I guess I should make it clear first up that I am really, really, really not a dog person. I just don't really like them very much. I grew up with cats, and I find dogs extremely difficult to live with unless they are exceptionally well behaved.

I recently moved in with my boyfriend who has two dogs, a well behaved 3 year old male Border Terrier mix and a 2 year old female Maltese x King Charles that was abandoned by its previous owners and seriously neglected as a puppy, resulting in some severe behavioural issues.
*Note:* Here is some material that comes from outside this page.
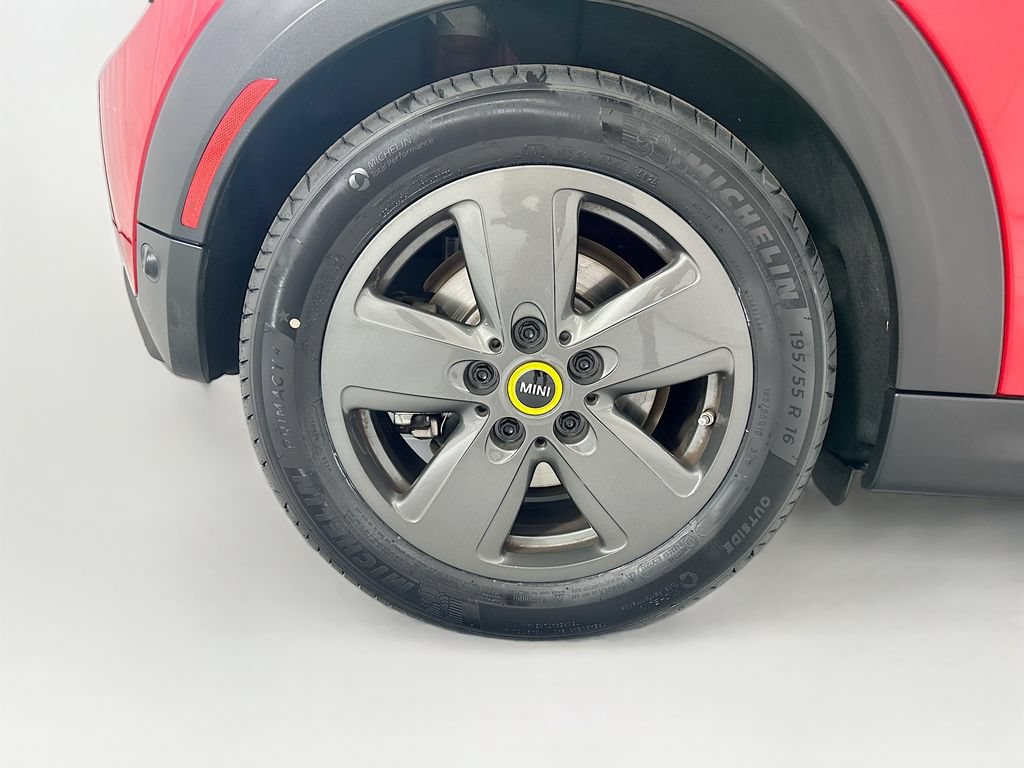 Used 2024 MINI Cooper SE FWD image 34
Quite simply, the dog does not stop barking. I can't watch TV in peace, and I work from home as a website designer and I find it hard to concentrate when I have to get up to yell at the dog every 10 minutes. And to top it off, I honestly can't remember the last time I slept through a whole night without being woken up by barking. The thing is, it's really difficult to discipline her because she only barks when she's alone. She will sit outside and yap constantly and as soon as I go out there to tell her off, she stops immediately and hides under a bush where I can't get her. Before I moved in my boyfriend would let the dogs sleep on the bed with him, but I don't like sleeping in a bed that stinks like dog so now they have their own beds in the laundry and get shut in there at night. So she sits in there and barks constantly and as soon as I get out of bed to tell her off, she stops before I can actually catch her in the act.
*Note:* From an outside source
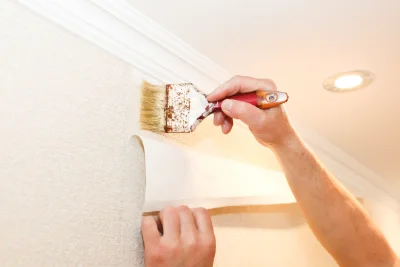 Pose de papier peint à Scrignac — revêtements muraux et toiles de verre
It's really starting to make me very depressed and angry and hateful towards the dog, and being someone who has never lived with a dog previously, I am finding it really difficult to cope with. My boyfriend is the best thing that ever happened to me and apart from the dog issue our relationship is perfect, and I'd hate to see it ruined because I can't handle living with a dog that never stops with it's harsh, grating yapping.

I'm feeling really upset and desperate and I don't know what to do, so any advice would be very much appreciated.